Exercise description: Print every record below exactly as it stands, but leave out the pictures.

[Captioned web images]
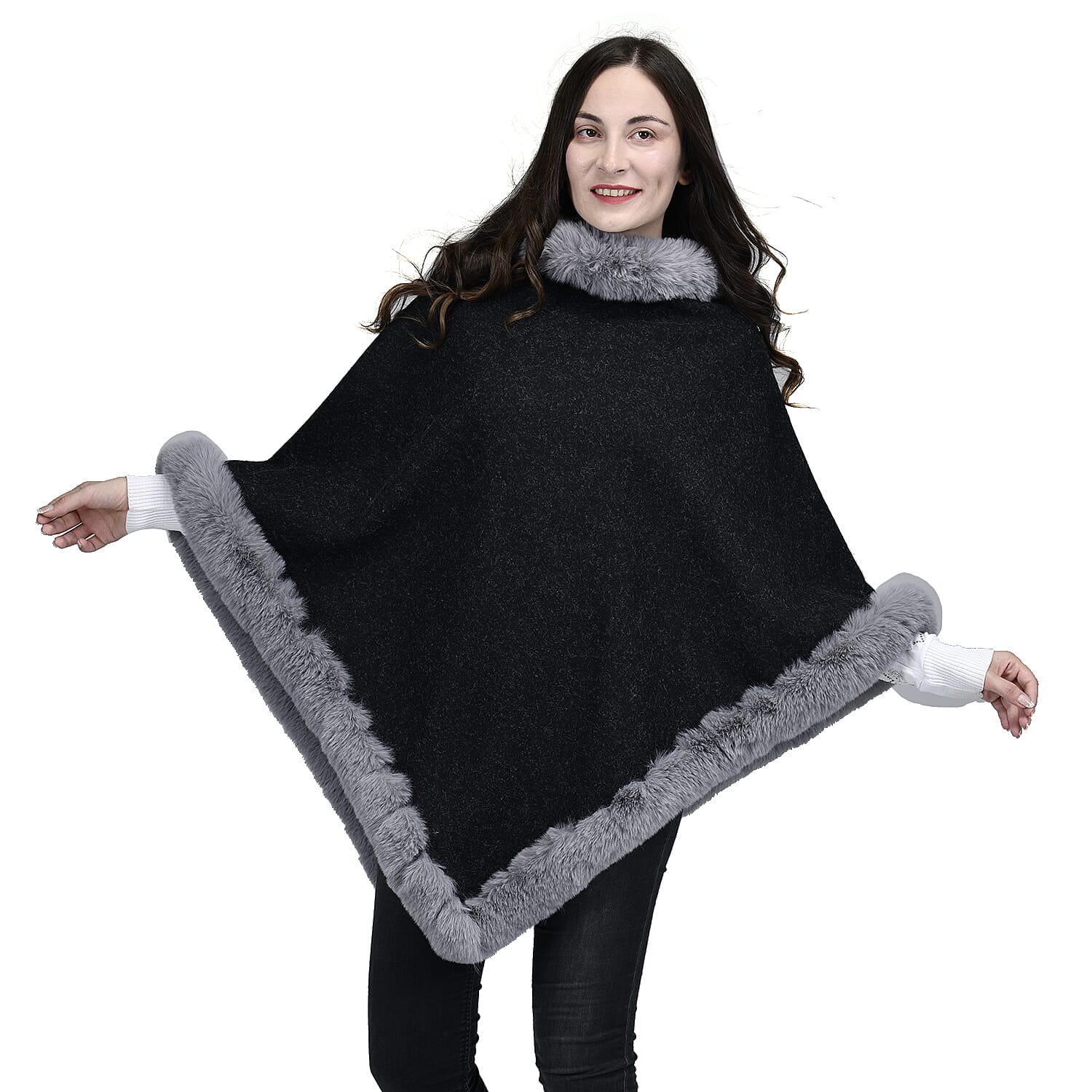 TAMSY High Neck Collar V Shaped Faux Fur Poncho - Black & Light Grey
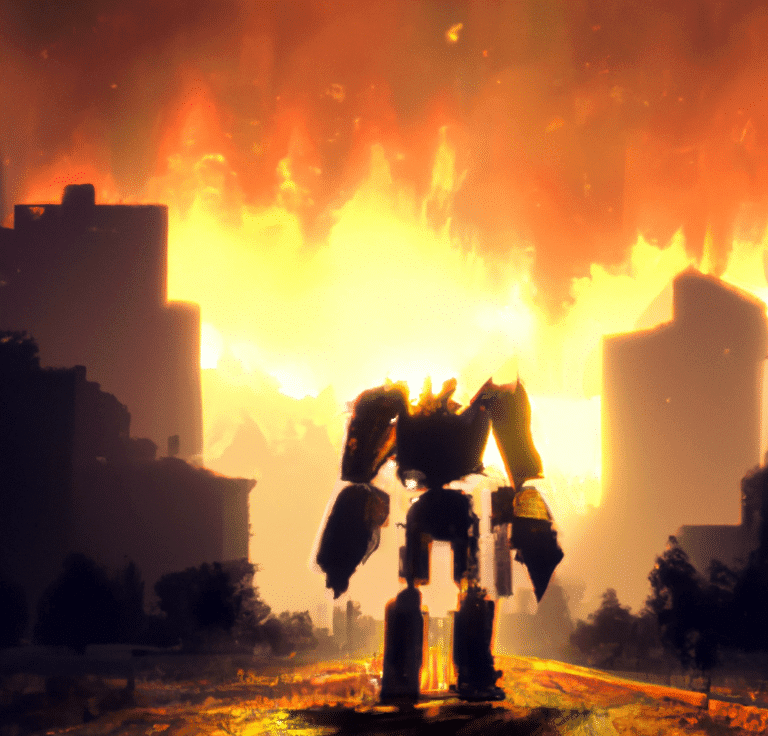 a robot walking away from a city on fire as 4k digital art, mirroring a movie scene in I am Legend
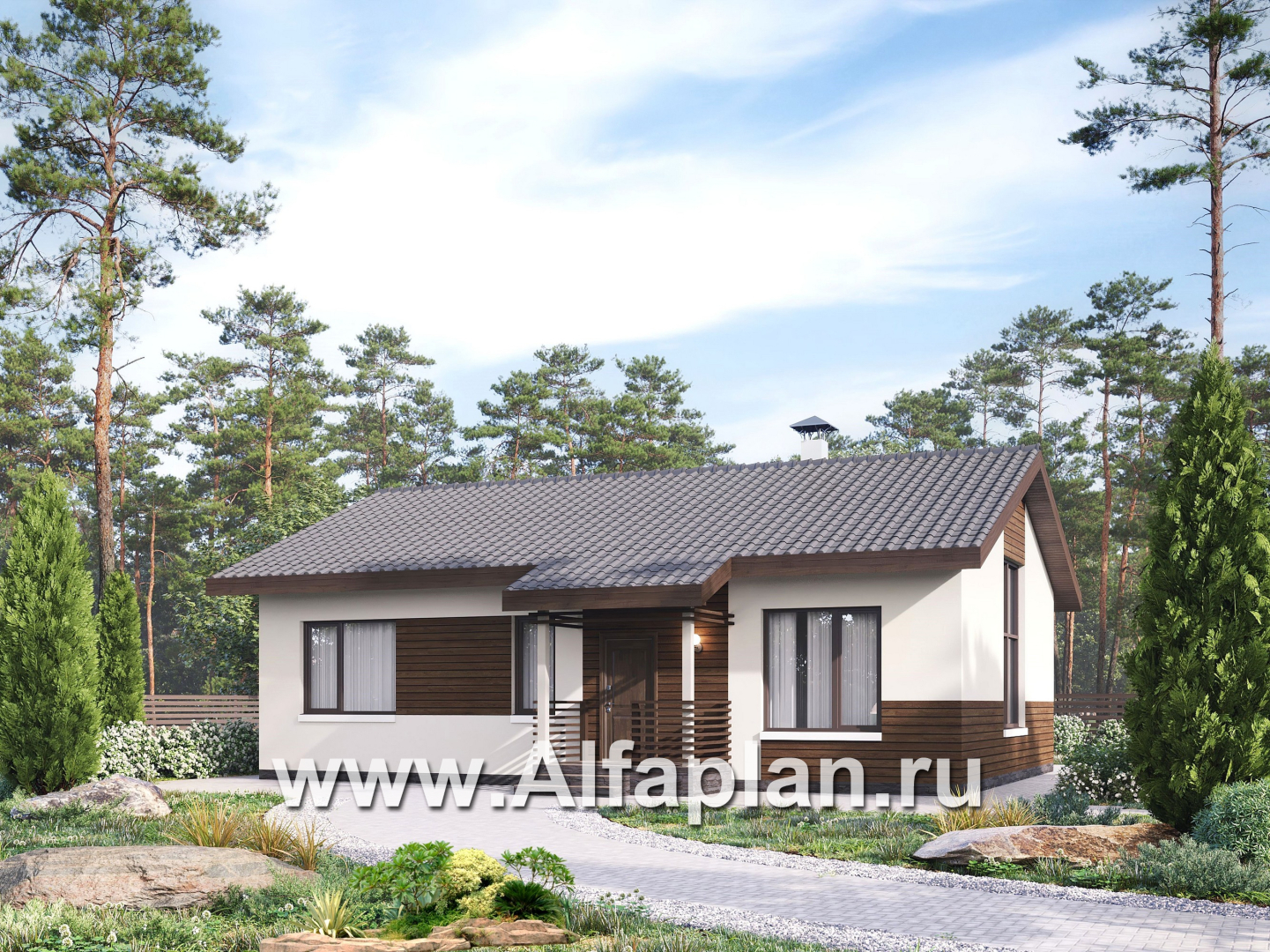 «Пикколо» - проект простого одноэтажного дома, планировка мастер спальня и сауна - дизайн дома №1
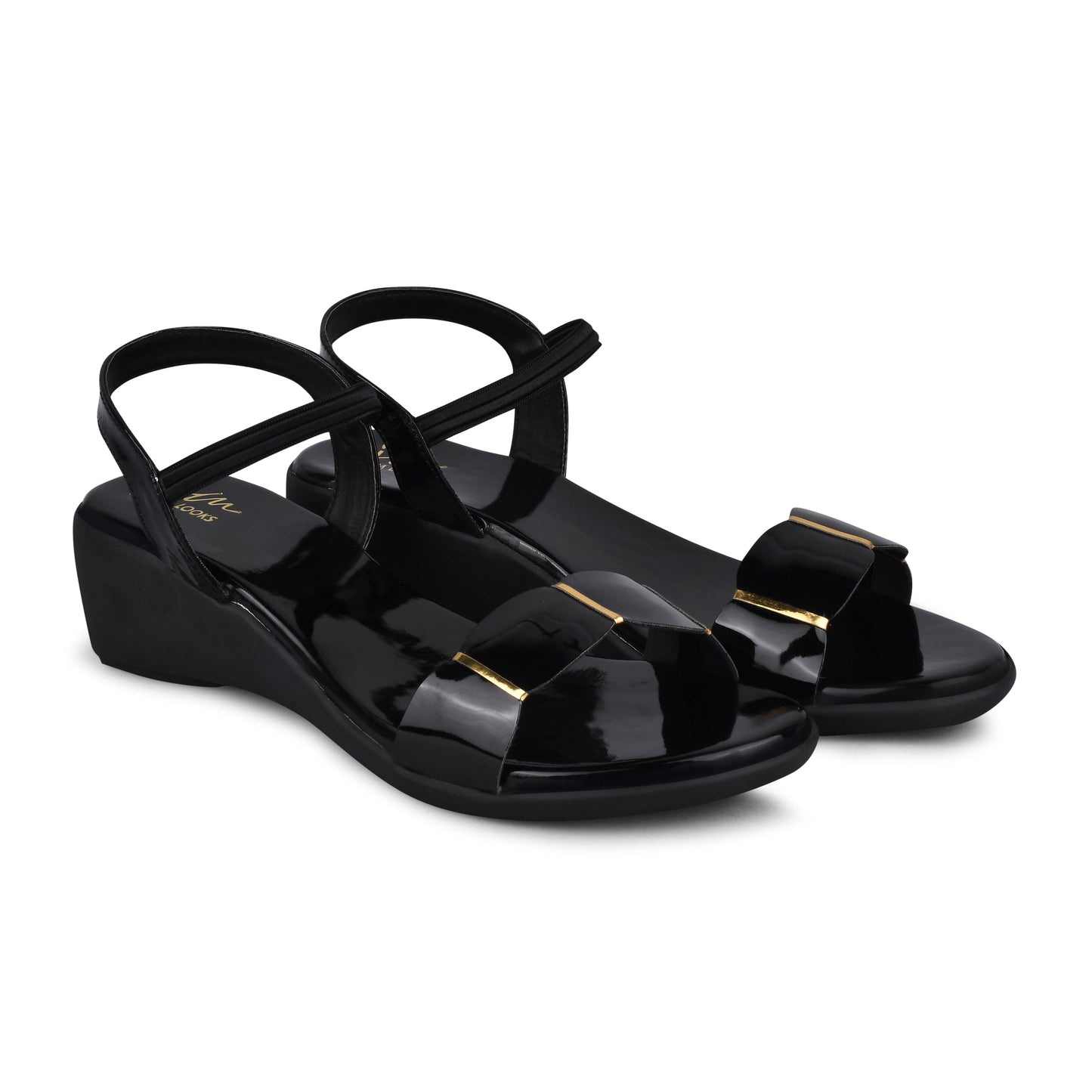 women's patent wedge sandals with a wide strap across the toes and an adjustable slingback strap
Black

Solution below:
 TAMSY High Neck Collar V Shaped Faux Fur Poncho - Black & Light Grey
 a robot walking away from a city on fire as 4k digital art, mirroring a movie scene in I am Legend
 «Пикколо» - проект простого одноэтажного дома, планировка мастер спальня и сауна - дизайн дома №1
 women's patent wedge sandals with a wide strap across the toes and an adjustable slingback strap
Black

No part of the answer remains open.